#### [Work to be completed]
Please output exactly the part of the records below that opens with the line containing "Garden_Lab : explore" and closes with the line containing "10大信誉菠菜担保平台竞彩足", both lines included, and nothing else.
(Beginning of Recorded data)
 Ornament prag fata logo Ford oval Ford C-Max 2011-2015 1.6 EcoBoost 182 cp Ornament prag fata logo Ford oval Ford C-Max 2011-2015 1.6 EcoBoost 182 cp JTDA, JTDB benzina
(End of Recorded data)
(Beginning of Recorded data)
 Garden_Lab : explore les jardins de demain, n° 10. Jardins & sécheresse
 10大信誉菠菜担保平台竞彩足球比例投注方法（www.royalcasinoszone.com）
(End of Recorded data)
#### [Written response]
 Garden_Lab : explore les jardins de demain, n° 10. Jardins & sécheresse
 10大信誉菠菜担保平台竞彩足球比例投注方法（www.royalcasinoszone.com）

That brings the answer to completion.